It was only a matter of time, right?

At this weekend’s Values Voters Summit, the big issue seems to be assumed frontrunner Mitt Romney’s Mormon faith — something that has plagued the former Massachusetts governor in the past but has yet to come front-and-center in the campaign for president in 2012.

On Friday, Dr. Robert Jeffress endorsed Rick Perry, saying that he preferred having a “competent Christian” like Perry over a “competent non-Christian” like Romney, and called the Mormon faith a cult.

Saturday, Romney had to play defense in a speech at the annual gathering of social conservatives, according to the Wall Street Journal:

“We should remember that decency and civility are values, too,” Mr. Romney told hundreds of conservatives. “One of the speakers who will follow me today has crossed that line. Poisonous language does not advance our cause. It has never softened a single heart nor changed a single mind.”

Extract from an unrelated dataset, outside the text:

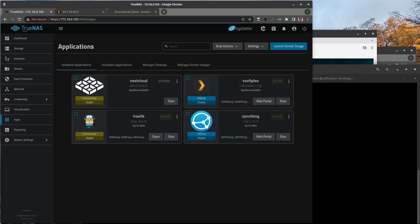Hello and welcome back to the channel. Today we're going to talk about TrueNAS Scale and upgrading your Plex docker application from an old version that TrueNAS Scale supported to now.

The speaker who followed Romney, was of course speaking of American Family Association representative Bryan Fischer, who among other things, has said the Church of Jesus Christ of Latter Day Saints may not deserve First Amendment rights, and suggested that homosexuals were to blame for the Holocaust. On Saturday, Fischer also suggested that evolution was a “bankrupt theory,” and that homosexuality should be treated as a “threat to public health,” according to Politico.

President Obama was successful in fiercely fighting off criticisms from the right about his Christian faith, namely suggestions that he was not actually an observant Christian and that his former pastor Rev. Jeremiah Wright was an extremist.

Romney may be taking a cue from that example, but while his Mormonism doesn’t hurt him seriously among GOP voters, polling for the general election shows more potential pitfalls.  Gallup polling in June suggested as many as 22 percent of likely voters would not support a Mormon candidate — a number that has stayed strong since the 1970s, while negative views of Catholics, Jews, African-Americans and women who are running for office have all declined significantly over the same time period.